The exhibition brings together works acquired by the Frac (from the first committee** in 1983 until 2021), works by artists produced in Dunkirk during residencies (Charley Case at the Gravelines museum, Ria Pacquée at the LAAC, Catherine Rannou at the Frac) and objects documenting the beach resort scene in Malo-les-Bains, home to the Harbour Museum.

Comprising single works and series by recognised and anonymous artists, the exhibition calls on us to join forces in thinking about today’s shifting horizon.

Are you ready to face the reality of an unstable present, and to lose yourself in dreams of new horizons?


The second half of the 19th century saw Malo-les-Bains, much appreciated for its vast beach of fine sand, develop into the favourite seaside resort of Lille’s wealthy industrialists and Parisians in search of bracing sea air. Its tourist appeal was enhanced during the same period by France’s burgeoning railway system and an unexpected economic boost from an influx of goat herders from the Cantal region who sold their milk to beachgoers.

At the turn of the 20th century the beach was established as the place for holidays and leisure activities, offering a perfect playground for small sandcastle builders armed with wooden shovels and buckets. This image of the seaside is mischievously played on in Pop artist Roy Lichtenstein‘s Folded Hat, but there were other things to do, too: walks along the beach could be agreeably combined with swimming and entertainments.

Artist Joachim Schmid collects photographs of the 20th century, especially by amateurs, as a way of portraying a society in movement. More and more activities appear, notably jogging and water sports, as those fine sandy beaches take on more and more the appearance of amusement parks. Even so, the pirouettes, beach huts and sandcastles live on.

© Estate of Roy Lichtenstein, New York/ ADAGP, Paris 2022


Inherently elusive, the colour blue conventionally conjures up water and the sky.
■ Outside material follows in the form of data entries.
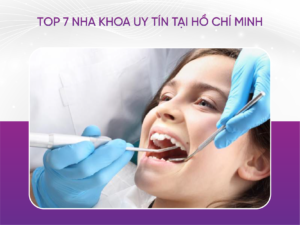 Top 7 Nha Khoa Uy Tín Tại Hồ Chí Minh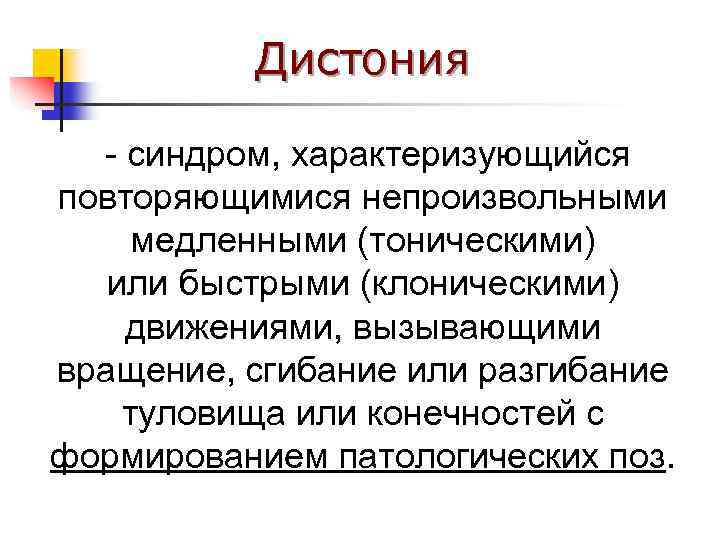 Дистония - синдром, характеризующийся повторяющимися непроизвольными медленными (тоническими) или быстрыми (клоническими) движениями, вызывающими вращение,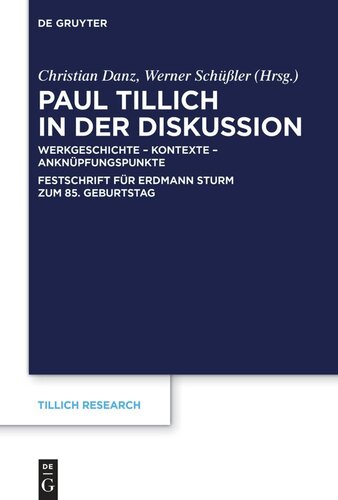 Paul Tillich in der Diskussion: Werkgeschichte – Kontexte – Anknüpfungspunkte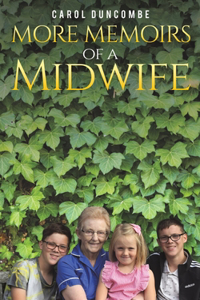 More Memoirs of a Midwife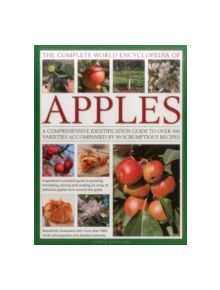 The Complete World Encyclopedia of Apples - 9780857238658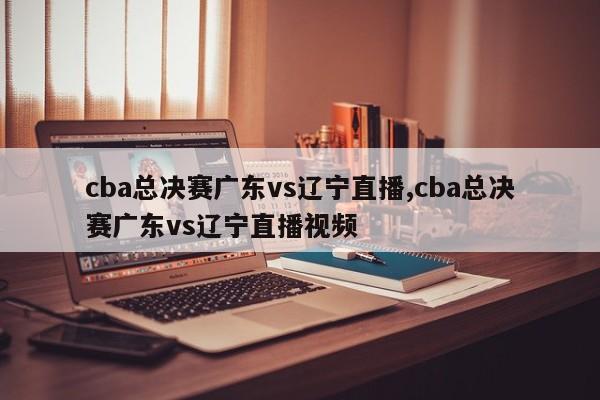 cba总决赛广东vs辽宁直播,cba总决赛广东vs辽宁直播视频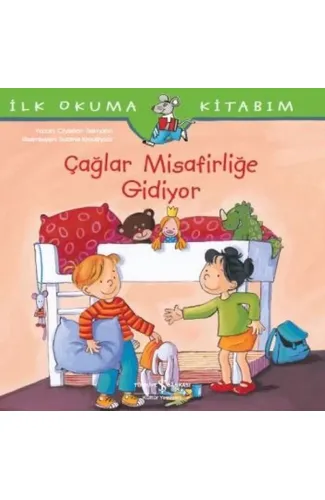 İlk Okuma Kitabım - Çağlar Misafirliğe Gidiyor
Here Hans Haacke’s installation Blue Sail and Christine Deknuydt’s drawings on sand yellow paper both play on this register.

The sail hovering at the centre of the exhibition space is a youthful work by German artist Hans Haacke, acquired by the Frac in 1985. Close to the Zero group and particularly to Yves Klein and Piero Manzoni, Haacke was working on the implementation of natural phenomena. The simplicity of this contrivance, at once aerial and marine, endows the work with a contemplative, meditative dimension.

Born in Dunkirk and trained at the art school there, Christine Deknuydt is the creator of a pictorial practice allowing matter to evolve freely. Her substantial oeuvre – several thousand paintings and drawings bequeathed by her family to Dunkirk’s museums, and Frac Grand Large in particular – this selection in blue embodies the concepts of trace and uncertainty.

We might see in her drawings aquatic shapes and figures from the ocean depths: the poetic outcome of experiments combining  areas of diluted colour with the unforeseeable.  For her the animal form is “like a link between the image and the void. These are uncompromisingly mental images.” As if in a laboratory, Deknuydt observes the reactions produced by chemical substances in combination  or applied to a support –  in this instance, paper.

© Helen Mirra / Collection Frac Grand Large — Hauts-de-France


Representation of landscape can be reduced to the expression of its simplest forms, such as the linearity of the horizon specific to the Dunkirk coastline. Viewed from the Frac’s belvedere, this line originates in the Grand Large district and moves away towards Belgium.

With her Coastline (folded) assemblage, Helen Mirra has chosen to put two American army blankets side by side. The blue one comes from the Navy, the green one from the Army. The green blanket rests on a section of the blue one, creating a slight change of profile reminiscent of the region’s sand dunes and sparking a notable resonance with a succession of military episodes. As a port city in Flanders bordering on England, Dunkirk was involved in the Hundred Years’ War (1337–1453), the Battle of the Dunes (14 June 1658), the Battle of the Yser and the Battle of the Atlantic (both 1914) and the Second World War evacuation known as Operation Dynamo or “Dunkirk” (1940).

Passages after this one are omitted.